The Product Backlog is an ordered list of everything that is known to be needed in the product. It is the single source of requirements for any changes to be made to the product. The Product Owner is responsible for the Product Backlog, including its content, availability, and ordering.

Product Backlog items that can be Done by the Scrum Team within one Sprint are deemed ready for selection in a Sprint Planning event. They usually acquire this degree of transparency after refining activities.

The Product Backlog evolves as the product and the environment in which it will be used evolves. The Product Backlog is dynamic; it constantly changes to identify what the product needs to be appropriate, competitive, and useful. If a product exists, its Product Backlog also exists.

Product Backlog refinement is the act of adding detail, estimates, and order to items in the Product Backlog. This is an ongoing process in which the Product Owner and the Development Team collaborate on the details of Product Backlog items. During Product Backlog refinement, items are reviewed and revised.

The Developers who will be doing the work are responsible for the sizing. The Product Owner may influence the Developers by helping them understand and select trade-offs.

Commitment: Product Goal

The Product Goal describes a future state of the product which can serve as a target for the Scrum Team to plan against. The Product Goal is in the Product Backlog. The rest of the Product Backlog emerges to define “what” will fulfill the Product Goal.

A product is a vehicle to deliver value. It has a clear boundary, known stakeholders, well-defined users or customers. A product could be a service, a physical product, or something more abstract.

The Product Goal is the long-term objective for the Scrum Team. They must fulfill (or abandon) one objective before taking on the next.

Sprint Backlog

The Sprint Backlog is composed of the Sprint Goal (why), the set of Product Backlog items selected for the Sprint (what), as well as an actionable plan for delivering the Increment (how).

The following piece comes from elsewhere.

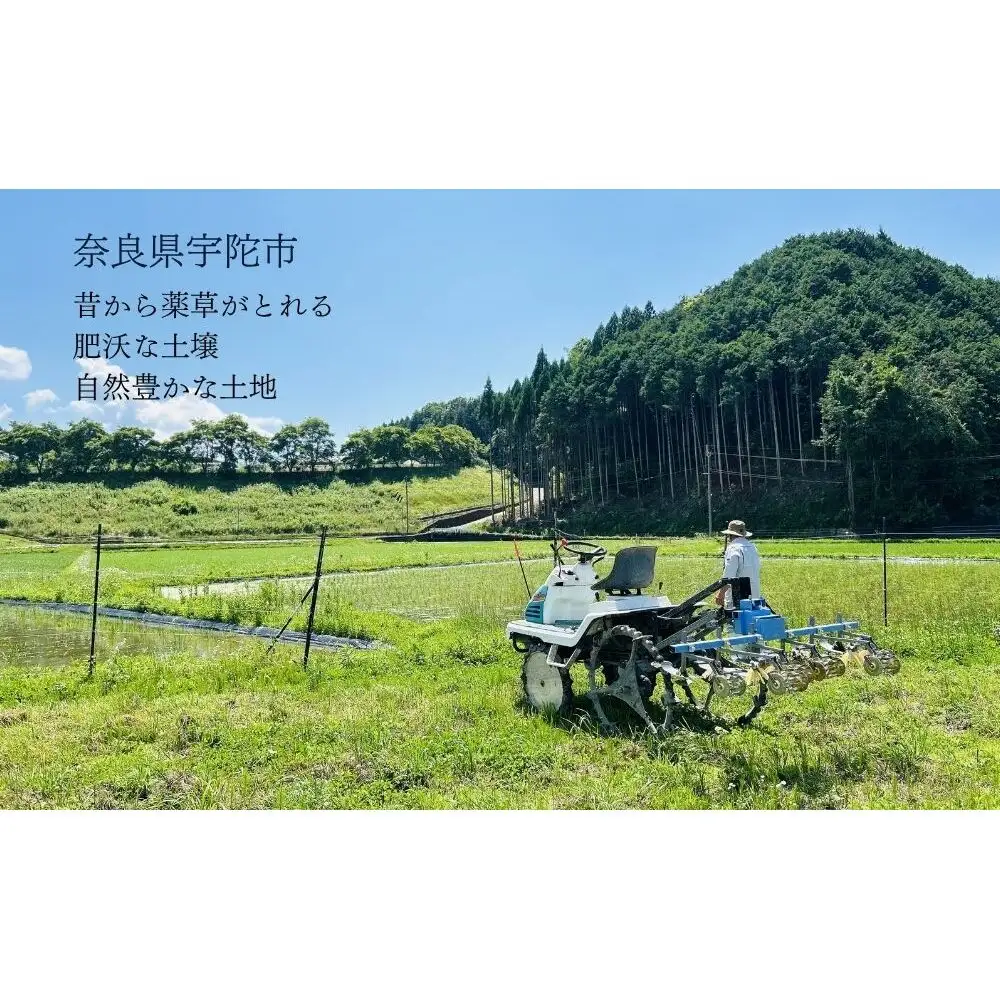 【令和8年産】 ひとめぼれ 低農薬栽培 5kg ｜玄米・分づき・白米｜単発 / 低農薬 お米 こめ コメ 米 定期便 国産 おにぎり 新米 玄米 一等米 農家やまおか 奈良県 宇陀市 ふるさと納税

The Sprint Backlog is a plan by and for the Development Team. It is a highly visible, real-time picture of the work that the Developers plan to accomplish during the Sprint in order to achieve the Sprint Goal. Consequently, the Sprint Backlog is updated throughout the Sprint as more is learned. It should have enough detail that they can inspect their progress in the Daily Scrum.

Commitment: Sprint Goal

The Sprint Goal is the single objective for the Sprint. Although the Sprint Goal is a commitment by the Developers, it provides flexibility in terms of the exact work needed to achieve it. The Sprint Goal also creates coherence and focus, encouraging the Scrum Team to work together rather than on separate initiatives.

The Sprint Goal is created during the Sprint Planning event and then added to the Sprint Backlog. As the Developers work during the Sprint, they keep the Sprint Goal in mind. If the work turns out to be different than they expected, they collaborate with the Product Owner to negotiate the scope of the Sprint Backlog within the Sprint without affecting the Sprint Goal.

Increment

An  Increment is a concrete stepping stone toward the Product Goal. Each Increment is additive to all prior Increments and thoroughly verified, ensuring that all Increments work together. In order to provide value, the Increment must be usable.

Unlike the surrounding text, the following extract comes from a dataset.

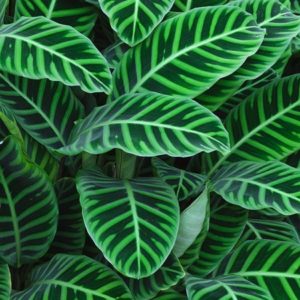 CALATHEA ZEBRINA 2 L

Multiple Increments may be created within a Sprint. The sum of the Increments is presented at the Sprint Review thus supporting empiricism. However, an Increment may be delivered to stakeholders prior to the end of the Sprint. The Sprint Review should never be considered a gate to releasing value.

Work cannot be considered part of an Increment unless it meets the Definition of Done.

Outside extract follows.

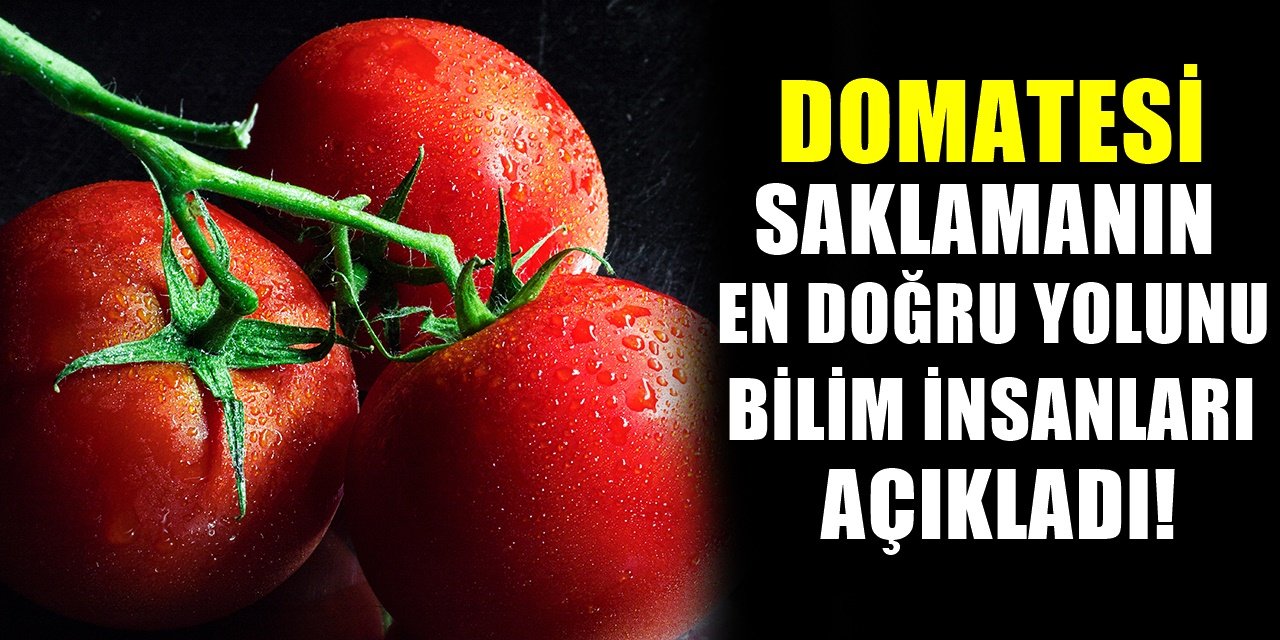 Domates nasıl saklanmalı? Bilim İnsanları doğru yöntemi açıkladı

Commitment: Definition of Done

The Definition of Done is a formal description of the state of the Increment when it meets the quality measures required for the product.

The moment a Product Backlog item meets the Definition of Done, an Increment is born.

The Definition of Done creates transparency by providing everyone a shared understanding of what work was completed as part of the Increment. If a Product Backlog item does not meet the Definition of Done, it cannot be released or even presented at the Sprint Review. Instead, it returns to the Product Backlog for future consideration.

If the Definition of Done for an increment is part of the standards of the organization, all Scrum Teams must follow it as a minimum. If it is not an organizational standard, the Scrum Team must create a Definition of Done appropriate for the product.

The Developers are required to conform to the Definition of Done. If there are multiple Scrum Teams working together on a product, they must mutually define and comply with the same Definition of Done.